Aslında birbirimizi ve herşeyi etkiliyor ve çok farklı ve ince şekillerde engelliyor ve özgürlüğünü azaltıyoruz. Ve bu ince özgürlük çalma/azaltma şekillerinin neredeyse hiç farkında değiliz veya umursamıyoruz.
Sebebi, hayatta bu seviyeye inmeyi engelleyen çok daha kaba, zorlayıcı gereksinim, zorluk vs ile çevrelenmiş durumdayız zaten. Önce kaba doğrudan sorunları çözmeden incelerine geçmek çok mümkün değil.
Birşeyi daha yazasım geldi. Kendime karşı çıkmam gerek.
Aslında sebep ince zorluklara geçebilmek için önce kaba zorlukların aşılması gerekliliği değil. Esas sebep bizim böyle sanıyor olmamız. Biz önce kaba ve doğrudan zorluklarla ilgilenirken, ince/derin zorluklar hep bekler, beklemede kalır. Bu çıkar yol değil. Çıkmaz. Böyle ilerlenemez, ama biz 'ancak böyle ilerlenebileceğini' sanırız.
Benzer bir örnek soyut ve somut konusunda var, fiziksel ve zihinsel konusunda var. Somutun kökeni soyuttadır. Soyut somutu kurar ve yönetir. Siz sürekli ve sadece somut fiziksel olanla uğraşırsanız, hep o düzeyde kalırsınız. Ama o sorunun çözümü o düzeyde değildir. O düzeyde kalmak sorunu ancak devam ettirir.
Fiziksel zorluklar en doğrudan, en kaba, bulunulan an itibariyle en zorlayıcı olanlardır. Açsınız, üşüyorsunuz veya canınız yanıyor olabilir. Fiziksel olan baştan en güçlü etkidir ama zamanla sönümlenir. Zihinsel/düşünsel/soyut olan ise baştan en güçsüz etkidir, ama zamanla katlanarak büyür ve fiziksel olandan daha güçlü hale geçer.
Hayatta hep böyledir, daha soyut 'katlar/katmanlar' her zaman baştan en güçsüz, sonradan da en güçlü hale gelirler. Örneğin karşı cinsle ilişkilerde; önce fiziksel etki en güçlüdür, birliktelik başlar; sonra herbiri 2 kat daha karmaşık olan (fiziksel:1, duygusal:2, zihinsel:4, ruhsal:8 gibi) diğer duygusal/zihinsel katmanlardaki uyum sorunları yüzünden birliktelik biter veya öylesine sürer.
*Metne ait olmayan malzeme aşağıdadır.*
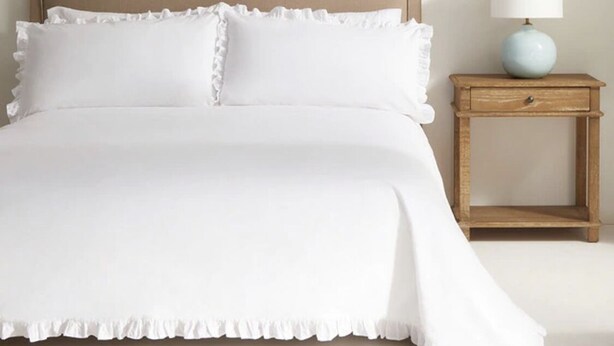 A bed with a headboard, two pillows, and a bedside table with a lamp. - Townhouse 300 meters from the sea (València)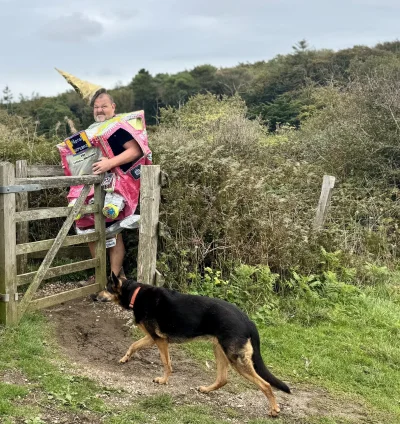 Person wearing a pink cardboard costume with a yellow cone hat stands at a wooden gate, while a German Shepherd walks along a dirt path beside tall hedges.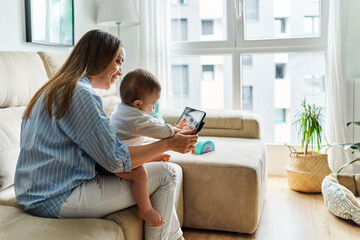 Mother with baby making video call to father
Yeme/barınma vs sorunlar 'anın sorunlarını' çözmek gibi en basit fiziksel girişim sayesinde aşılmamıştır. Sonrasını düşünerek aşılmıştır. O an doydunuz, ama bunun başınıza tekrar geleceğini biliyorsunuz. Daha fazla ve düzenli yiyecek elde etme yollarını düşünürsünüz. Zamana atılmış bir düşünce tohumu. Tarla ekersiniz. Tarla o anki açlığınıza deva değildir, o an işinize yaramaz. Sadece düşünsel ve geleceğe yönelik bir hamledir.
Barınmak için de ağaç altına girdiniz ama bu anlık geçici bir koruma. Ben oturup ev inşa edeyim diyorsunuz. O anki üşümenize derman olmayan salt basit bir düşünce. Ama zamanla aklın yolu bir oluyor.
Bu yüzden girişim ne kadar soyut düzeyden başlarsa o derece uzun vadeli, ama giderek güçlenen birşeye dönüşüyor. Böyle bakınca biz 'hayatın kaba doğrudan zorlamalarını önce halledelim' diye düşünürsek hep aynı düzeyde hep aynı zorlamaları halletmeye çalışırken bulacağız kendimizi. O yüzden; şu ana katkısı yok gözüken ince ve derin düşünceler, derin zorlukları bulmaya/anlamaya/çözmeye çalışmak, aslında kaba zorlukları hayatımızdan çıkaracak olan şeydir.